最高裁昭和51年12月24日判決
裁判データ
- 最高裁判所昭和51年(オ)第46号所有権確認請求事件
- 昭和51年12月24日第二小法廷判決
- 出典:民集30巻11号1104頁
- 評釈:ジュリスト637号90頁,法曹時報30巻3号150頁,最高裁判例解説民事篇昭和51年度485頁
判旨
- 公共用財産が,長年の間事実上公の目的に供用されることなく放置され,公共用財産としての形態・機能を全く喪失し,その物のうえに他人の平穏かつ公然の占有が継続したが,そのため実際上公の目的が害されるようなこともなく,もはやその物を公共用財産として維持すべき理由がなくなつた場合には,当該公共用財産については,黙示的に公用が廃止されたものとして,これについて取得時効の成立を妨げないものと解するのが相当である。
- 大審院判例(大正9年(オ)第841号大正10年2月1日判決・民録27輯3巻160頁、昭和4年(オ)第289号同年12月11日判決・民集8巻12号914頁)は、変更されるべきである。

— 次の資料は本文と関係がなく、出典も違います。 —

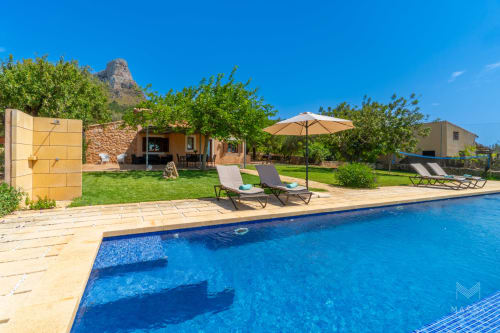 Villa de lujo con piscina en Artà, tumbonas, sombrilla y vistas a las montañas bajo cielo azul despejado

- 本件土地は,公図上は水路として表示されている国有地であったが,古くから水田・畦畔に作りかえられ,原告の祖父がAから借り受けて小作していた当時に,既に水路としての外観を全く喪失しており,その後,昭和22年に原告が田の売渡を受けた当時には,現地の状況は原告の祖父が耕作していた状態と全く同様であったため,原告は,本件土地を含んだ水田と畦畔全体を売り渡されたものと信じ,水田あるいは畦畔として平穏かつ公然に本件土地の占有を続けたというのであるから,本件土地は,公共用財産としての形態・機能を全く喪失し,現行の祖父の時代から引き続き私人に占有されてきたが,そのために実際上公の目的が害されることもなく,もはやこれを公共用財産として維持すべき理由がなくなったことは明らかであり,黙示的に公用が廃止されたものとして,取得時効の対象となり得るものと解すべきである。
最高裁昭和52年4月28日判決
裁判データ
- 最高裁判所昭和52年(オ)第135号建物収去土地明渡請求控訴,同附帯控訴事件
- 昭和52年4月28日第一小法廷判決
- 出典:裁判集民事120号549頁
判旨
原告の前主であるAが所有の意思をもって占有を始めた当時,本件土地は既に隣接地と一体をなして宅地の一部と化し,道路として利用されることもその必要もなくなっており,その後Aが本件土地と隣接地に跨って建物を建築し,同人の死亡後も本件土地はその承継人らによって前記建物の敷地の一部として平穏かつ公然に占有を継続されてきたが,現在に至るまで本件土地が道路として利用された形跡は全く損しないというのであるから,本件土地は,公共用財産としての形態,機能を全く喪失し,A及びその承継人らにより占有を継続されてきたが,そのために実際上公の目的が害されるようなこともなく,もはやこれを公共用財産として維持すべき理由がなくなったことが明らかであるので,本件土地は黙示的に公用が廃止されたものというべきである。